🤖 AI Summary
This work addresses the challenge of automated repair for declarative formal specifications—exemplified by Alloy—where existing automated program repair (APR) techniques predominantly target imperative languages and lack effective support for declarative specifications. We propose the first dual-agent LLM framework tailored for declarative specification repair: a Repair Agent that generates fixes and a Prompt Agent that dynamically refines prompts and integrates feedback from formal verification. Leveraging models such as GPT-4, combined with advanced prompt engineering and collaborative reasoning, our approach achieves substantial performance gains on standard Alloy benchmarks—significantly outperforming state-of-the-art specialized APR tools in repair success rate.
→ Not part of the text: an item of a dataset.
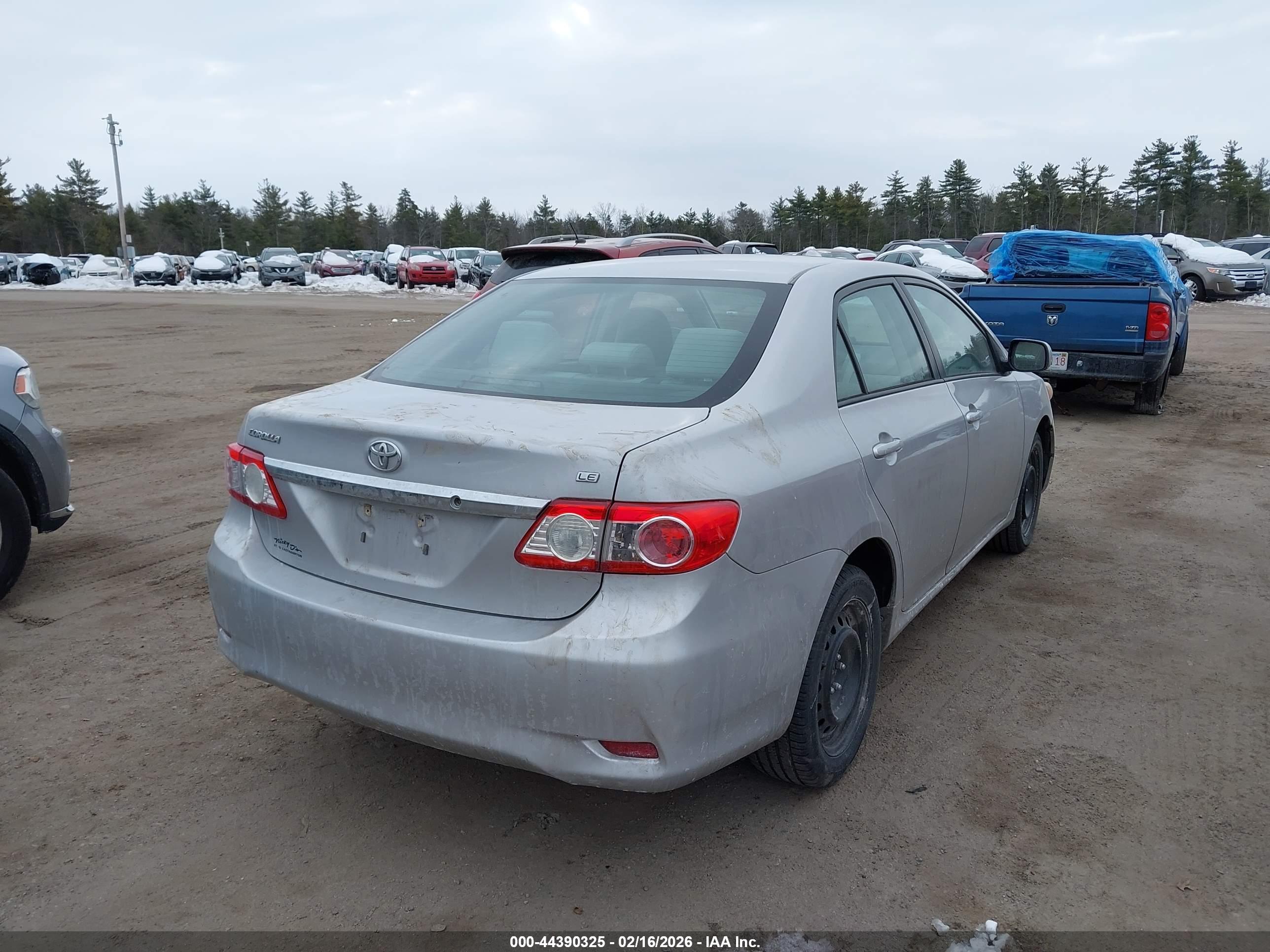 TOYOTA COROLLA image 4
Empirical evaluation demonstrates that large language models exhibit strong generalization capability and practical utility in formal specification repair, providing the first systematic validation of LLMs’ effectiveness and superiority in this domain.
📝 Abstract
Automatic Program Repair (APR) has garnered significant attention as a practical research domain focused on automatically fixing bugs in programs. While existing APR techniques primarily target imperative programming languages like C and Java, there is a growing need for effective solutions applicable to declarative software specification languages. This paper presents a systematic investigation into the capacity of Large Language Models (LLMs) for repairing declarative specifications in Alloy, a declarative formal language used for software specification. We propose a novel repair pipeline that integrates a dual-agent LLM framework, comprising a Repair Agent and a Prompt Agent. Through extensive empirical evaluation, we compare the effectiveness of LLM-based repair with state-of-the-art Alloy APR techniques on a comprehensive set of benchmarks. Our study reveals that LLMs, particularly GPT-4 variants, outperform existing techniques in terms of repair efficacy, albeit with a marginal increase in runtime and token usage. This research contributes to advancing the field of automatic repair for declarative specifications and highlights the promising potential of LLMs in this domain.